▶ RECORD EXTRACTS:
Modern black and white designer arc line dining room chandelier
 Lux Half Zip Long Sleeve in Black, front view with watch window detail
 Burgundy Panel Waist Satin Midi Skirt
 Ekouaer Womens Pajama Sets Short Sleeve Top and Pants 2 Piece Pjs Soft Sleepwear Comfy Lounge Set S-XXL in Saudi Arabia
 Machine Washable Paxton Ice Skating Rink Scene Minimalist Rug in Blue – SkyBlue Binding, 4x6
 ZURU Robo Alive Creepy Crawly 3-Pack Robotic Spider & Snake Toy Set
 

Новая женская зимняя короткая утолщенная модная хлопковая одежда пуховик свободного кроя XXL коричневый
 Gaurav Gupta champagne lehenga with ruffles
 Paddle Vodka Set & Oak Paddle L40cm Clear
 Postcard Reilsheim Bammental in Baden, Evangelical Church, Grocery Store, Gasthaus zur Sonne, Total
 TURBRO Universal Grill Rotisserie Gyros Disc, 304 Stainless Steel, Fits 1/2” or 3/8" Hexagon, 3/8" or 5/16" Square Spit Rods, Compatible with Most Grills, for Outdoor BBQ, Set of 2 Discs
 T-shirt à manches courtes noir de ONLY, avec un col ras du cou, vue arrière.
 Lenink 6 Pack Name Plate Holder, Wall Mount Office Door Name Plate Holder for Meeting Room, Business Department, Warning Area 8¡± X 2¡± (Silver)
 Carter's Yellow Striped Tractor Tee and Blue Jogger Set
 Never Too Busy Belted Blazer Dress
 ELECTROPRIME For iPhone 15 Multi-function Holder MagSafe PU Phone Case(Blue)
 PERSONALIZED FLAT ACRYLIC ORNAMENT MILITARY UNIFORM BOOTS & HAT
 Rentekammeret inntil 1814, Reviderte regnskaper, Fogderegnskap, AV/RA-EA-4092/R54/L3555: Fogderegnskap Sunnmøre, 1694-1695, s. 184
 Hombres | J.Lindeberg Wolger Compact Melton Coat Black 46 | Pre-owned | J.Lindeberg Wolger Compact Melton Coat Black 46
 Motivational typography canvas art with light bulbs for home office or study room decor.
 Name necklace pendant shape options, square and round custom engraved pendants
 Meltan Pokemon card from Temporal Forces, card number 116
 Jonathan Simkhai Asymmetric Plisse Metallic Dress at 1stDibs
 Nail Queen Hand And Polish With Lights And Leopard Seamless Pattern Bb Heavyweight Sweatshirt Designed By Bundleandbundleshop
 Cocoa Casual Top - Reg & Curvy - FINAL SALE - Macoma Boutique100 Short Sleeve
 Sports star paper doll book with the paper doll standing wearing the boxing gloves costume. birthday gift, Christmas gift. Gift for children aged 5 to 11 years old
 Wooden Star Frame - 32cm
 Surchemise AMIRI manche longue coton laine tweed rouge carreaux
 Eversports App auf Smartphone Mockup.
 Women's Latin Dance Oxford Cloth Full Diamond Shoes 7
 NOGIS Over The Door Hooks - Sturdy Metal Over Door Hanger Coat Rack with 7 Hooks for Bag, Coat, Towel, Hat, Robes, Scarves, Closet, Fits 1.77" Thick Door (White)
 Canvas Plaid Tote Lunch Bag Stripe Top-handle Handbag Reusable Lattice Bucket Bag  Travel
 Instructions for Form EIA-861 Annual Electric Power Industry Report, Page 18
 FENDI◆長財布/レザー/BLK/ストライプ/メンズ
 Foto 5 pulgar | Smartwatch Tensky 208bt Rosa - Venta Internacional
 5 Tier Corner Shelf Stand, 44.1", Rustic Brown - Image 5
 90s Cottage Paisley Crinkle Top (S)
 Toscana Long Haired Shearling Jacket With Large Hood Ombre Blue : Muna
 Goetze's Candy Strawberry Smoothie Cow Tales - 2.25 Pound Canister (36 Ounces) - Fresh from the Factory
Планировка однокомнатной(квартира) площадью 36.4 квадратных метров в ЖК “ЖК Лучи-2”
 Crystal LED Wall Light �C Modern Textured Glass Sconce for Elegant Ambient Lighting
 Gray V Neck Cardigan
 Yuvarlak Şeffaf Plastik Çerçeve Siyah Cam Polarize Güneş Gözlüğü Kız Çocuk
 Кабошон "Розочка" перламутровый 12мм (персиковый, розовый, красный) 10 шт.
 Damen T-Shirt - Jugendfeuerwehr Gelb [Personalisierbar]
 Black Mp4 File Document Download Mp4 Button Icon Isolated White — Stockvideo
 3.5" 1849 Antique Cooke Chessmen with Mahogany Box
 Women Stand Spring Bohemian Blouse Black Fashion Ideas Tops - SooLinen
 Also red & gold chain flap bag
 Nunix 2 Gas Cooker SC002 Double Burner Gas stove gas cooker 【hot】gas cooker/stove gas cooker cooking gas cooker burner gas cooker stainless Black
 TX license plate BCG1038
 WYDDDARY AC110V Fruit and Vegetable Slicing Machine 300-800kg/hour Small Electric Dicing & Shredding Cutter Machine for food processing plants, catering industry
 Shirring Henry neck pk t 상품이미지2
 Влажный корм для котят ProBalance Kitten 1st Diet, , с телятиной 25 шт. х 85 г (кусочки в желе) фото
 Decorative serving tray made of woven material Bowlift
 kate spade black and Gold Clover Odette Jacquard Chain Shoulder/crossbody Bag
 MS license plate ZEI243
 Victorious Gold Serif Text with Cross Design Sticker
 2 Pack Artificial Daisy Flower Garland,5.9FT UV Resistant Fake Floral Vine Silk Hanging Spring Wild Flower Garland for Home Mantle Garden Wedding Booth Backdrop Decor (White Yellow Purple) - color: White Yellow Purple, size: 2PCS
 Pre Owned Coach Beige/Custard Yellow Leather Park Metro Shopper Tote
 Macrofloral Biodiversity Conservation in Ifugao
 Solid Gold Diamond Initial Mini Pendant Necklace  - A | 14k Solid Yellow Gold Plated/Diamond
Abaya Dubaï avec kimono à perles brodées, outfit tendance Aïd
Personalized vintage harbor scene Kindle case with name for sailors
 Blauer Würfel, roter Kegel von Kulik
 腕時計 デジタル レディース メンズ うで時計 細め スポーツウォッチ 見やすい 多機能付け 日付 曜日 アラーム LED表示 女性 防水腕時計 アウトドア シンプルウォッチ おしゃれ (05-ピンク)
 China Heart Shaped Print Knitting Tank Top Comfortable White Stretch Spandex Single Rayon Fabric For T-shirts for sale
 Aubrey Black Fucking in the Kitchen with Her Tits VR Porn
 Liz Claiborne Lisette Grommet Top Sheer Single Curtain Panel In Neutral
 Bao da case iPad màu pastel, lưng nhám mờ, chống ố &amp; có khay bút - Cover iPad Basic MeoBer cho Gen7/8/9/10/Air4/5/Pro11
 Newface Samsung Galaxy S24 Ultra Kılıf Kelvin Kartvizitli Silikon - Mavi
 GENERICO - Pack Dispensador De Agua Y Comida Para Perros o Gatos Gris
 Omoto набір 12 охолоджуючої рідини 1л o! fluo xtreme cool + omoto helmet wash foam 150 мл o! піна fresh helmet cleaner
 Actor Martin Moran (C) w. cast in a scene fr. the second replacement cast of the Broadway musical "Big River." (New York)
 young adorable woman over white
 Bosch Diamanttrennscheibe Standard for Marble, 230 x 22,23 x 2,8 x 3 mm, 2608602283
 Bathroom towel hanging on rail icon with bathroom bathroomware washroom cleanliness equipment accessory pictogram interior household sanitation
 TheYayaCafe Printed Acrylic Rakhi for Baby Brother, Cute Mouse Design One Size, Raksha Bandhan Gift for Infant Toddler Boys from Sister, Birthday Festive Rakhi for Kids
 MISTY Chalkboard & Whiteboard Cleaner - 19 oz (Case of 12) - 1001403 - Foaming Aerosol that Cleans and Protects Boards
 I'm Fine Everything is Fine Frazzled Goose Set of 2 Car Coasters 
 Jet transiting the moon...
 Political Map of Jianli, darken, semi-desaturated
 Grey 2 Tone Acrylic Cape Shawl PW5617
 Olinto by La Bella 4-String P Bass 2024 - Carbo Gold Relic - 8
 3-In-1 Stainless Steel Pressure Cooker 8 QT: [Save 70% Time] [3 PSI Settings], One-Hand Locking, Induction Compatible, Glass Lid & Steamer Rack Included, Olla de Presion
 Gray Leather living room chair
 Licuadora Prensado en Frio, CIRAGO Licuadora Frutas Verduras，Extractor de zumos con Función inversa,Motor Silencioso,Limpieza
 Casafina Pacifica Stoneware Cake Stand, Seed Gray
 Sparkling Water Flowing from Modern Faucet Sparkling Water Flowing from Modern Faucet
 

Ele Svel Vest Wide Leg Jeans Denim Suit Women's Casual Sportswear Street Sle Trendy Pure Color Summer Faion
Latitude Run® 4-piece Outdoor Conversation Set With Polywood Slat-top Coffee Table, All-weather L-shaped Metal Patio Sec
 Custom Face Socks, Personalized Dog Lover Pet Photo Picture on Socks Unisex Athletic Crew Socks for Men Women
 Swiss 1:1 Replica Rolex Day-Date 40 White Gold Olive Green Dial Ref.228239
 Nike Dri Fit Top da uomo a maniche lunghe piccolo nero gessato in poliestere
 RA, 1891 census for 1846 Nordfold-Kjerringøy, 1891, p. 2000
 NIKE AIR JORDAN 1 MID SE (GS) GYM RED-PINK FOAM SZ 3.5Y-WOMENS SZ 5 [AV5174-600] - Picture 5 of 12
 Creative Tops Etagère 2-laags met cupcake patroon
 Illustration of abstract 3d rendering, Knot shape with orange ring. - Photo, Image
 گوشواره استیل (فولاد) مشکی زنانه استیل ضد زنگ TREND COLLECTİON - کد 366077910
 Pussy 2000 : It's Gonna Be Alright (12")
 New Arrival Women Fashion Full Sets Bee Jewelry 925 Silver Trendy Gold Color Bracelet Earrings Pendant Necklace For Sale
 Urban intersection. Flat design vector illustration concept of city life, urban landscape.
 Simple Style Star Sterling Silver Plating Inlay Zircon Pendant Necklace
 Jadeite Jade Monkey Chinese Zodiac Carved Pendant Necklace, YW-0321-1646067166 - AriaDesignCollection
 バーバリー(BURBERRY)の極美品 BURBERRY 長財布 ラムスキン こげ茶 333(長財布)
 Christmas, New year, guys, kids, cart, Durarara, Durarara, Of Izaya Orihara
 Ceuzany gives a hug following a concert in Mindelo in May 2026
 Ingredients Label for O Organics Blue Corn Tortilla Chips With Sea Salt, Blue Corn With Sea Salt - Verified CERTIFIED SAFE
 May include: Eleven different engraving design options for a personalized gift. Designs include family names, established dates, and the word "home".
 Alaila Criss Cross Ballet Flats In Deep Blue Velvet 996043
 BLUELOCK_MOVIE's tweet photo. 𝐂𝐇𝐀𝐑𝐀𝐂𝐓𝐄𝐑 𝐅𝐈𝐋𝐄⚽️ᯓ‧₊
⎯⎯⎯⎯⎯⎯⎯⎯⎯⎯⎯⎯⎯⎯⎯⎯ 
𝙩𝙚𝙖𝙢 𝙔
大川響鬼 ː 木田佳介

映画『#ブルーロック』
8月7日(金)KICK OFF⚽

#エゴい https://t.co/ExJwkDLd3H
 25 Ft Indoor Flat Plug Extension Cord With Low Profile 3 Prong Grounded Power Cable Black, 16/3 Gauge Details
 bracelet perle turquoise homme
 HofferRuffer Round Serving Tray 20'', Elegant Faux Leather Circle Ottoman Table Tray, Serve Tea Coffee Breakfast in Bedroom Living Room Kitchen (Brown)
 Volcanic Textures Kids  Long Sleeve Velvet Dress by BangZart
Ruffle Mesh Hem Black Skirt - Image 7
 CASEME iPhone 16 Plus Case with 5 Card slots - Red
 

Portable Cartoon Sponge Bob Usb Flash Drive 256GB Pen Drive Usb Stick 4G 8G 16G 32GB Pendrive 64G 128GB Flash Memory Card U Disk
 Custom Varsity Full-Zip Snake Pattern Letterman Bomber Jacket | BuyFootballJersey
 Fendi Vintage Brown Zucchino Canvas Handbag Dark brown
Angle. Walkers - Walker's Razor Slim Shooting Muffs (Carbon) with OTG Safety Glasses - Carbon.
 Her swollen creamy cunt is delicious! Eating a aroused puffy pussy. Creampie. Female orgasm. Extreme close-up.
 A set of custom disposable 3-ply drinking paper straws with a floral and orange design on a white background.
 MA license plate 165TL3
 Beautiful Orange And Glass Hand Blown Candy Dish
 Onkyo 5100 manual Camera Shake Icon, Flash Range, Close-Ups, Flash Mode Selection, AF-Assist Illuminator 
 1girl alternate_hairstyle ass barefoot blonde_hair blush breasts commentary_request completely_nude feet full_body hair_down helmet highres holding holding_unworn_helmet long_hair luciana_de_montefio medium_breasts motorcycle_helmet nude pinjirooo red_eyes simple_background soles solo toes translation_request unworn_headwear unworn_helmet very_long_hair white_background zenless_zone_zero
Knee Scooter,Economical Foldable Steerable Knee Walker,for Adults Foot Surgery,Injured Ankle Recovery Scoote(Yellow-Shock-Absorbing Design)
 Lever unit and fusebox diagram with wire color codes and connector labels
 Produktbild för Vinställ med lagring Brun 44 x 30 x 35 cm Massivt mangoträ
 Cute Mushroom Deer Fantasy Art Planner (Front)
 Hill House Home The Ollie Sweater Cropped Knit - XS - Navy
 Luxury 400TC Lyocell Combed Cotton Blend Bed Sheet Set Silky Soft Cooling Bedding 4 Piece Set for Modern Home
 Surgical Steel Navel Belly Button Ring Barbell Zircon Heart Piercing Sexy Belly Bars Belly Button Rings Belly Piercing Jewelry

▶ REQUIRED WORK: Using the data above, reproduce exactly the lines from the line that contains "Ele Svel Vest" through the line that contains "Creative Tops Etagère", including both.

▶ SOLUTION FOR THIS TASK:
Ele Svel Vest Wide Leg Jeans Denim Suit Women's Casual Sportswear Street Sle Trendy Pure Color Summer Faion
Latitude Run® 4-piece Outdoor Conversation Set With Polywood Slat-top Coffee Table, All-weather L-shaped Metal Patio Sec
 Custom Face Socks, Personalized Dog Lover Pet Photo Picture on Socks Unisex Athletic Crew Socks for Men Women
 Swiss 1:1 Replica Rolex Day-Date 40 White Gold Olive Green Dial Ref.228239
 Nike Dri Fit Top da uomo a maniche lunghe piccolo nero gessato in poliestere
 RA, 1891 census for 1846 Nordfold-Kjerringøy, 1891, p. 2000
 NIKE AIR JORDAN 1 MID SE (GS) GYM RED-PINK FOAM SZ 3.5Y-WOMENS SZ 5 [AV5174-600] - Picture 5 of 12
 Creative Tops Etagère 2-laags met cupcake patroon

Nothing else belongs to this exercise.